Tribunal argentino autoriza ex-vice de Kirchner a cumprir prisão domiciliar em meio à pandemia

Ex-vice-presidente e ex-ministro da economia, Amado Boudon foi condenado por corrupção passiva ao comprar empresa que fabricava papel moeda para o governo

Redação, O Estado de S.Paulo

07 de abril de 2020 | 13h14

Um tribunal argentino autorizou o ex-vice-presidente do país, Amado Boudou, a cumprir prisão domiciliar em meio à pandemia do novo coronavírus. Boudou foi vice-presidente e ministro da Economia durante os mandatos de Cristina Kirchner, entre 2007 e 2015. Ele foi condenado em 2018 pela compra irregular de ações da empresa que fabricava de papel moeda para o governo

"Amado já está em casa, chegou à noite (de segunda-feira). Está feliz em estar com sua mulher e filhos nestes dias tão difíceis", declarou o advogado de Boudou, Alejandro Rúa.
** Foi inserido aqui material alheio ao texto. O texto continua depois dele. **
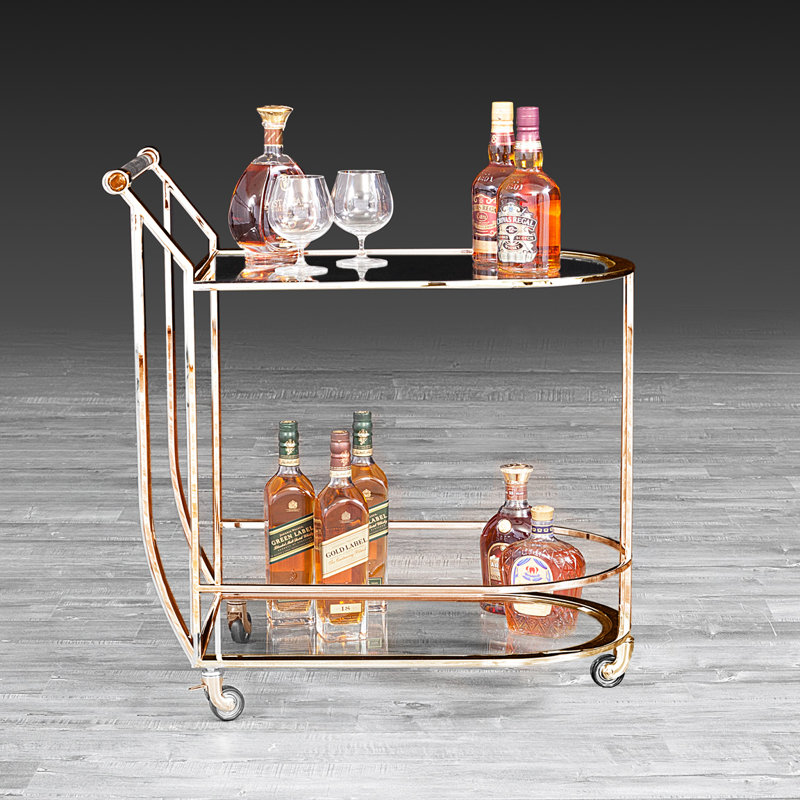 Westra Metal Bar Cart, Rose Gold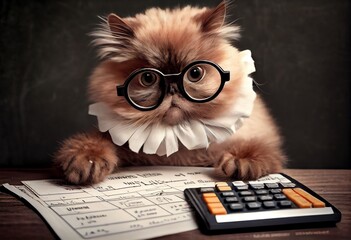 A cute cat in glasses calculating the family budget, promoting the idea of money management and financial planning. Generative AI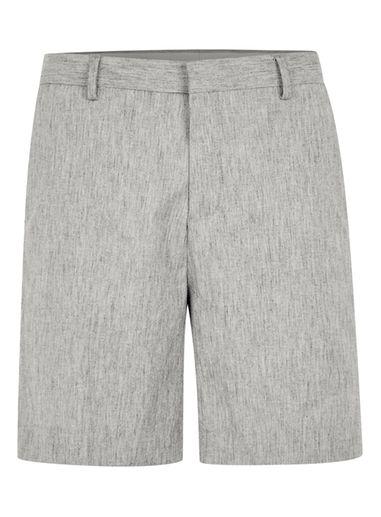 Topman Mens Grey Textured Long Length Formal Shorts
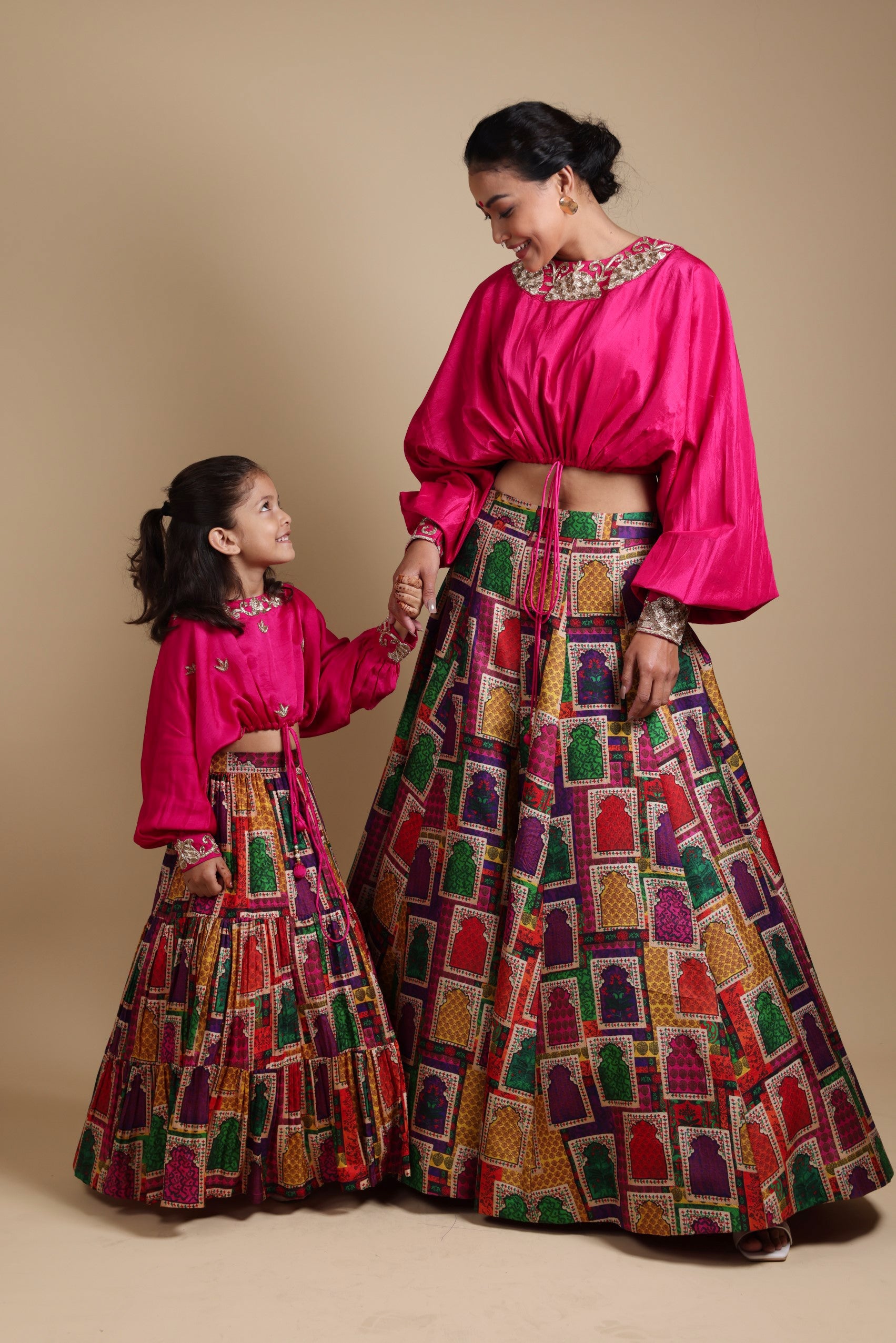 Hand-Embroidered blouse with Lehenga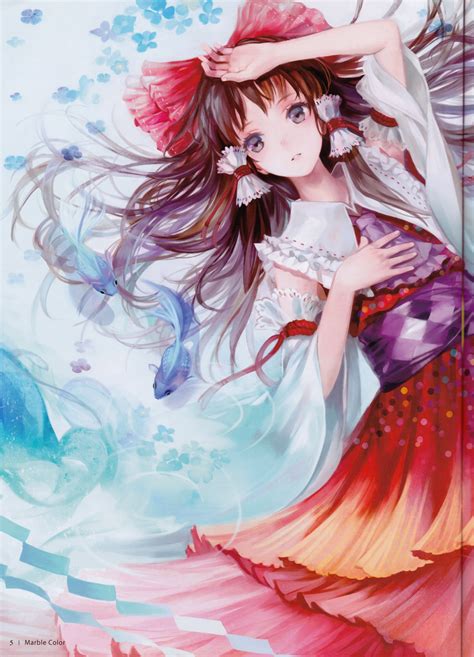 Brown Hair Fish Anime Girl Flowers Wallpaper 5017x6959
O ex-vice-presidente vive com sua mulher, a ex-deputada mexicana, Mónica García de la Fuente, com quem tem filhos gêmeos de dois anos. Até a segunda, ele cumpria pena de 5 anos e 10 meses de prisão em uma prisão situada a 100 Km de Buenos Aires. Agora, passará a ser monitorado por meio de uma tornozeleira eletrônica.

O tribunal concedeu a prisão domiciliar por considerar que houve "falta de firmeza da condenação imposta a Boudou e o contexto da emergência sanitária mundial pela pandemia do coronavírus."
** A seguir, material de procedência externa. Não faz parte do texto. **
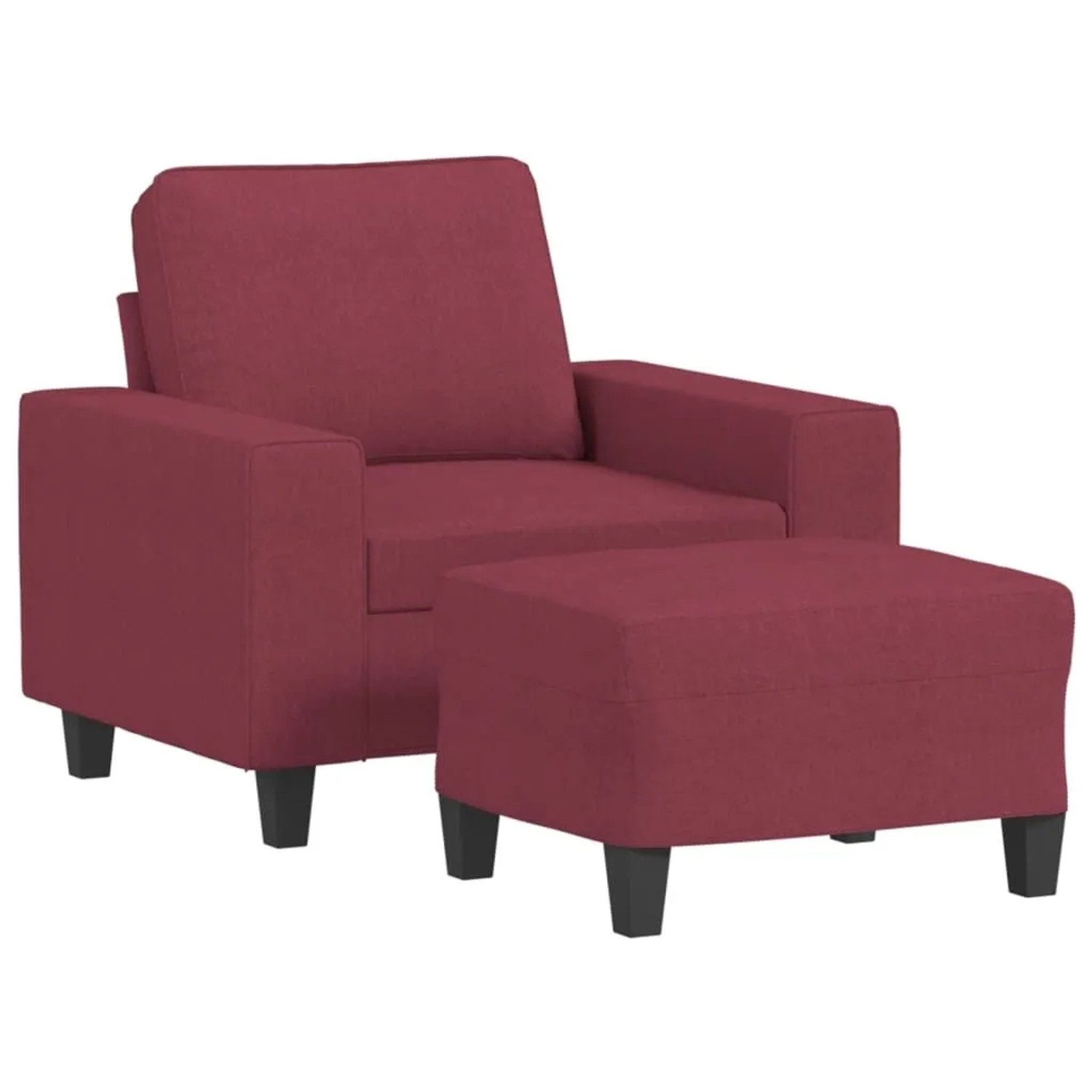 vidaXL Sessel mit Hocker Weinrot 60 cm Stoff 3201149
Boudou foi condenado em 2008 por corrupção passiva e negociações imcompatíveis com a função pública quando era ministro da Economia (2009-2011). Ele foi considerado culpado por ter comprado, usando um testa-de-ferro, a imprensa Ciccone, empresa historicamente contratada pelo Estado para fabricar dinheiro e documentos.

A decisão foi confirmada em 2019 por uma câmara federal, mas a defesa recorreu ao Supremo Tribunal, que ainda não foi proferiu decisão, portanto a sentença não é definitiva.